Tuesday, June 18, 2013

The British Museum, London

I can't say I saw the whole thing. I was only there for a few hours, but it is a splendid museum full of antiquities acquired in various ways from all over the world.  One wonders of course how the torso of a Greek sculpture is in the British Museum while the head is in a museum in Vienna or the rest of it in Athens.  At the time the British, French, Austrians and others were acquiring these objects  the locals in these countries may have been indifferent at best and at worst, hostile.  Early Christians as well as Muslims were not necessarily kind to the times before the advent of those great religions, although the Christians may have been worse than the  Muslims in this regard. 

Inside, the museum opens onto a large enclosed space known as the Great Court, which was renovated in 2001, with a large  transparent dome covering the large space between wings of the museum. 

The court area is primarily a place to rest, relax, and visit the museum shops.  There are several places to eat, including one at the top of the round reading room. The Round reading room used to be the home of the British Library.  I took the curving staircase to the top of this curious structure, but never ventured inside it.








The parts of the museum I visited were concerned with ancient Egypt, Greece, Ancient Rome, and Assyria.  This figure of Ramesses II dominates one of the halls.  It is huge but is itself only a fragment of the original figure, body and all.   Ramesses II lived from 1303 to 1213 BC, 93 years.   This was originally at the Ramuseeum in Thebes,  a mortuary temple built for Ramesses II. 
The museum has an extensive collection of friezes and sculptures from Nineveh in Assyria.  Sennercherib (704-681 BC) chose Nineveh on the Tigris river as his new capital and constructed a palace there.  Their chief rivals in the area were the Babylonians.

A third frieze shows two soldiers holding up two severed heads or perhaps shrunken heads.
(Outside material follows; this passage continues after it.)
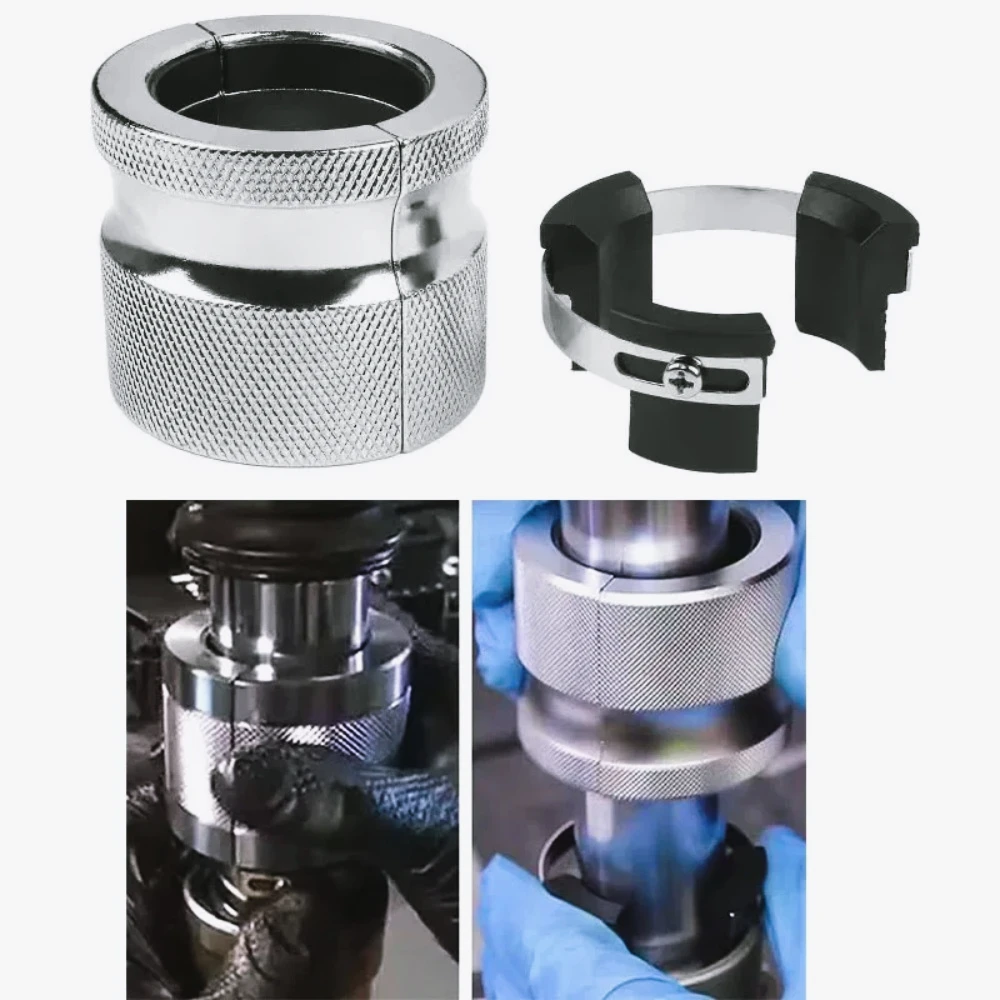 Herramienta Extracción Retenes Horquilla Motocicleta 39 mm a 50 mm, Herramienta Instalación Retenes Aceite Ajustable, He
Herramienta Extracción Retenes Horquilla Motocicleta 39 mm a 50 mm, Herramienta Instalación Retenes Aceite Ajustable, He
An example of Cuneiform writing used by the Assyrians, and one of the earliest forms of writing.
And an example of Egyptian hieroglyphics, which were deciphered after the discovery of the Rosetta stone, which presented the same text in Greek, Demotic, and Hieroglyphics, a multilingual decree promulgated by Ptolemy V in 196 BC.  The Rosetta stone is also in the British Museum.   
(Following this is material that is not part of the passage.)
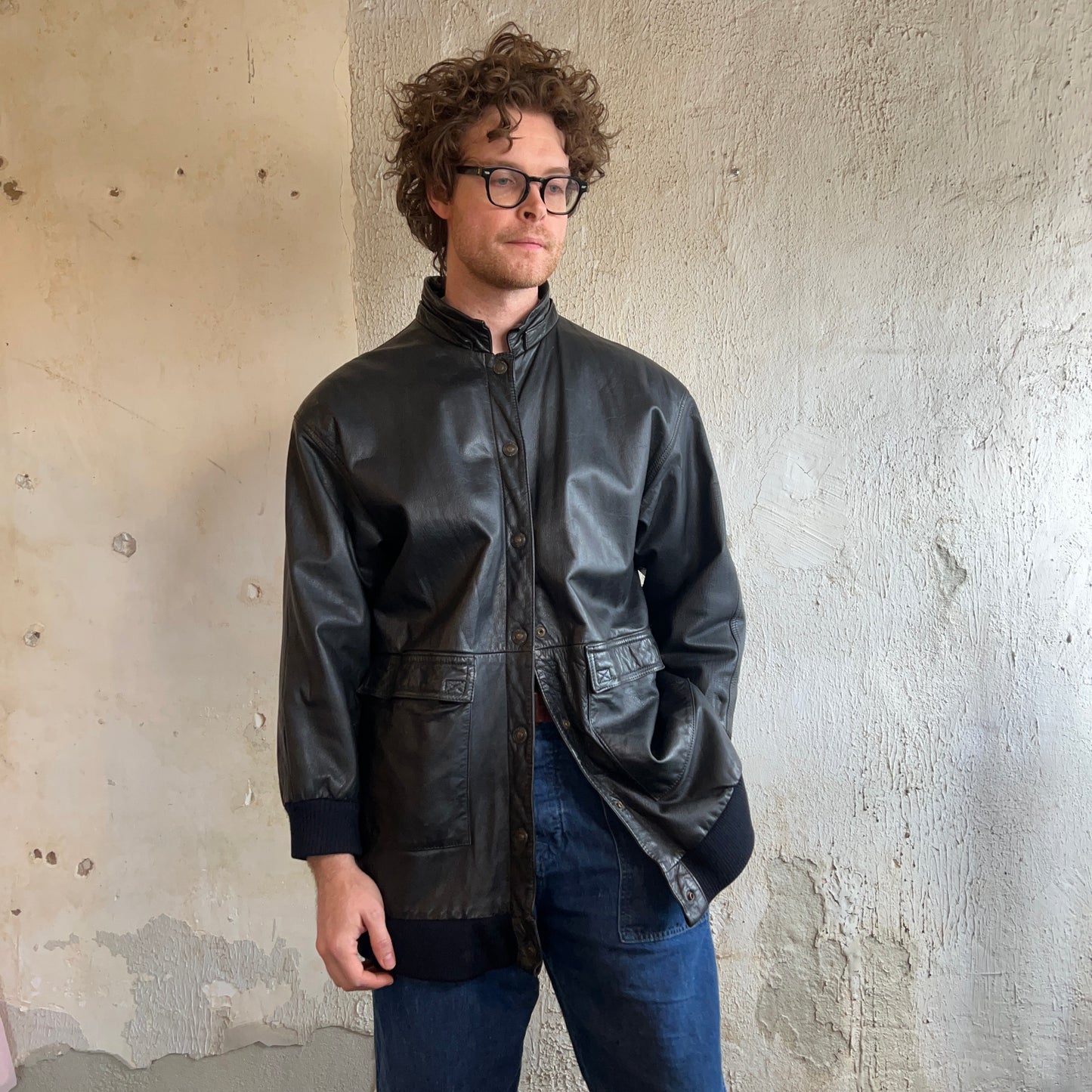VTG G-III Leather Jacket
I was getting tired by the time I took this picture.  Exactly when in Egyptian history this was created I can only guess. 

A female mummy I presume.
A golden faced male mummy Number 6678.

Ancient Egyptian burial in a basket.

This is one of the better preserved of the Elgin Marbles, with the heads of the two combatants a centaur and a lapith fighting.  These were representations of pre-Hellenic times according to Greek mythology. These were created in 447-438 BC for the Parthenon.  The 7th Earl of Elgin, who was British Ambassador to the Ottoman Empire obtained permission to remove these sculptures from the Parthenon, as the Ottomans didn't much care about them, and pieces that fell from the structure tended to be burned by the locals to produce lime (1).
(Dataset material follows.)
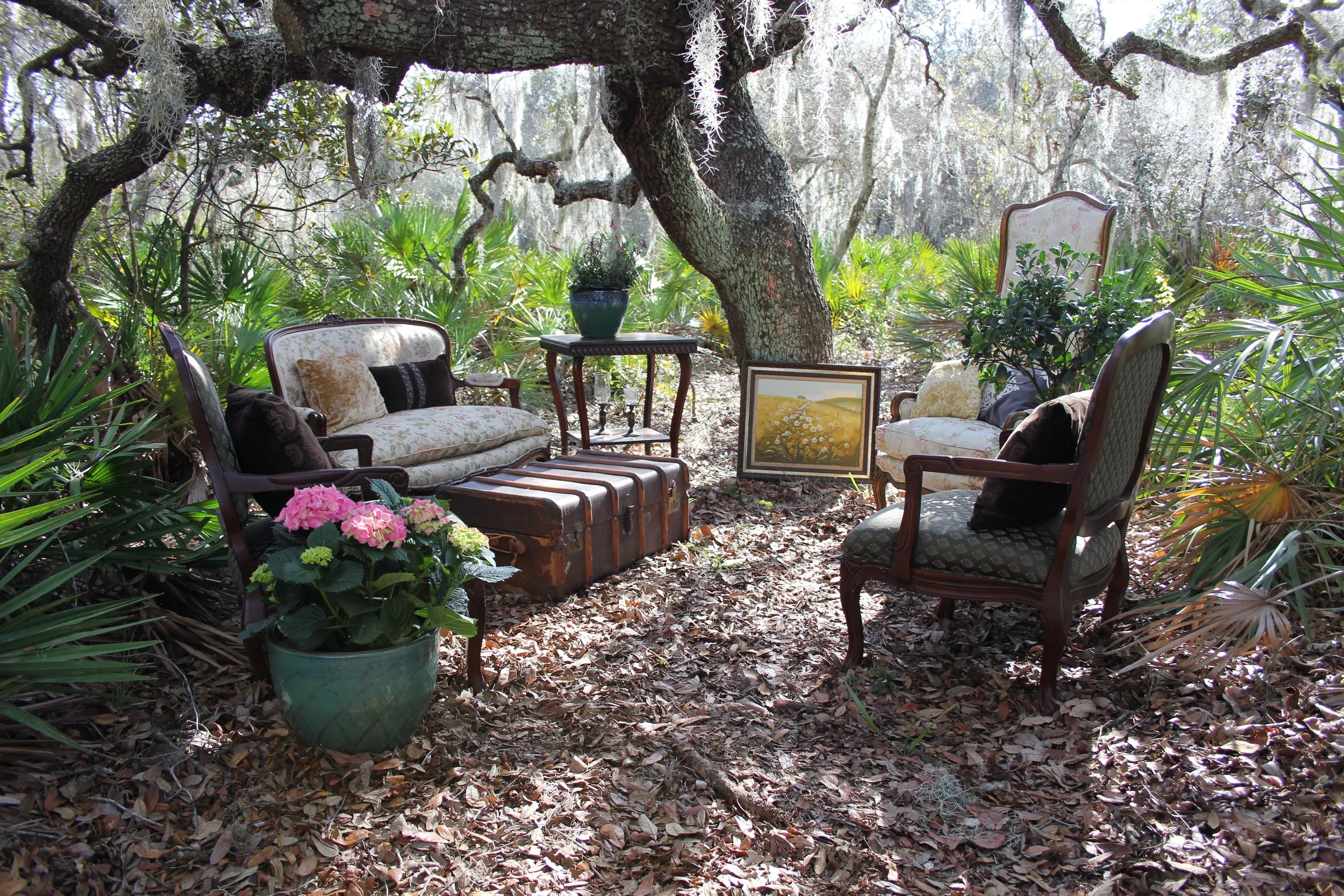 The Heirloom Garden Lounge Collection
A particularly fine sculpture of a horse head, a fragment from a lost larger sculpture.

This was the Hermes of Kew, another antiquity that used to grace the gardens at the Royal Palace at Kew.  Like many antiquities suffering the ravages of time and weather and critics,  the nose and the junk was the first things to go.

This is a frieze that seems to show a series of servants bringing foodstuffs to a banquet.

This is  a sculpture found in Cyprus showing both Egyptian and Phoenician influences, circa 450 BC.: 
Terracotta votive head, Etruscan circa 300-200 BC. 
It looks like someone who thinks they forgot to turn off the stove before leaving home, and now they are miles away.

This is an example of a stone dramatic mask to decorate a theater perhaps in Rome in the 1st-2nd century AD: 

The British museum is such a massive collection of antiquities that it would be hard to do it justice if you spent a week in there.  I spent maybe three or four hours there.  Museum fatigue sets in and you just can't look at any more.  The expanse of human history and the portion lost to human memory is mind-boggling.